Recogió el pendiente y se lo puso de nuevo a él con unas cuantas caricias y besos en el cuello y la oreja. Él gimió de placer.
—O regresas a tu asiento o voy a salirme de la carretera —le advirtió Pedro.
Ella casi ronroneó.
—Oh, sí, sexo en el coche en un área de descanso... —dijo. Colocó su mano sobre el muslo de él y la subió hacia su ingle.
Él ahogó otro gemido.
—Paula, quiero decir que si continúas así vamos a tener un accidente.
Eso no la detuvo, Paula continuó besando y lamiendo su cuello y acariciándole el muslo. Él le sujetó la mano.
—Ya es suficiente. Tenemos que llegar a un lugar.
—Entonces dime adónde vamos y me detendré.
Él vio la expresión traviesa del rostro de ella y supo que no sospechaba adónde se dirigían.
—Llegaremos allí enseguida.
—¿Y eso cuándo es?
—Eres implacable, ¿lo sabías?
Ella apartó su mano y asintió. Esperó a que él le dijera adónde iban, pero él no le dio ni una pista.
Al poco tiempo entraban en el campus de la universidad.
—¿Es aquí? —preguntó ella atónita—. ¿Me has traído a la universidad de Texas?
Exactamente. Paula había comentado que quería estudiar una carrera y él había visto el paquete con el formulario de inscripción que había recibido ella el lunes. Paula lo había escondido, como si le diera vergüenza que alguien lo viera, y casi ni lo había abierto. Pedro creía adivinar por qué: ella necesitaba un empujón, una muestra de apoyo, una razón para rellenar el formulario. Una razón para creer que podía cumplir sus sueños y hacer algo totalmente inesperado con su vida.
Pedro aparcó el coche junto al edificio de Administración.
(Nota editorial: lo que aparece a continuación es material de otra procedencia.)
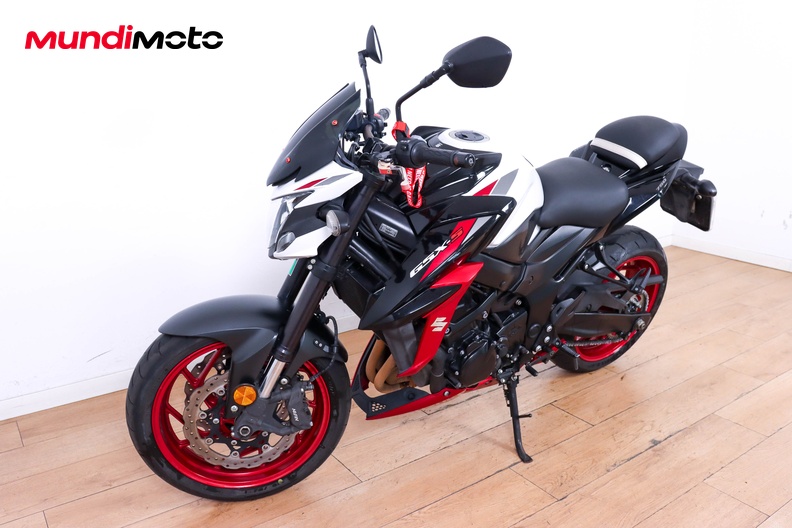 Motorbike image 7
Como era verano, el lugar no estaba tan abarrotado como durante el curso normal y no tuvieron problemas para encontrar aparcamiento.
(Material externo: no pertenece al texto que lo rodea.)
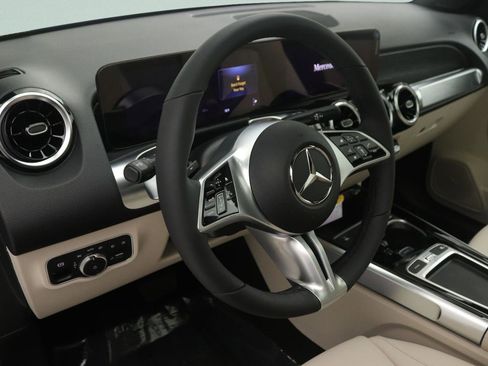 New 2026 Mercedes-Benz GLB 250 image 4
—¿Crees que parecerá que tenemos dieciocho años? —preguntó él apagando el motor.
Ella lo miró con escepticismo.
—Lo dudo. Aunque me inscribiera aquí, y tuviera dieciocho años, creo que seguiría destacando por rara.
Él agarró su mano y le dio un ligero apretón.
—Vas a destacar como una rubia despampanante y todos los estudiantes van a enamorarse de ti. No creas que no he pensado en eso, así que deberías premiarme por mi falta de celos, muestra de mi madurez —dijo él y la miró lascivamente—. Los favores sexuales son una recompensa de lo más adecuada.
Su broma no logró sacar a Paula de su repentino mal humor.
—No es sólo mi edad lo que me hace distinta.
—¿A qué te refieres?
Paula contempló el edificio a través de la ventanilla del coche, los campos de deportes, los estudiantes de los cursos de verano... Suspiró ruidosamente.
—Mi lugar está en un bar, sirviendo copas y defendiéndome de los pervertidos. No en una universidad —dijo ella en voz baja y sacudió la cabeza—. Y desde luego, no como profesora de instituto.
Aquella mujer llena de dudas era la Paula que prácticamente nadie conocía. Su imagen solía ser la de una mujer llena de confianza en sí misma, lo cual era lógico dado su buen aspecto, su atractiva personalidad y su agudo ingenio.
Pedro supo que en aquel momento estaba con la Paula desconocida para el mundo: la soñadora, la callada, la que dudaba de sus habilidades y de su propia inteligencia. La que a veces parecía tan sola.
Aquélla que él había descubierto contemplando absorta la hoguera tantos años atrás.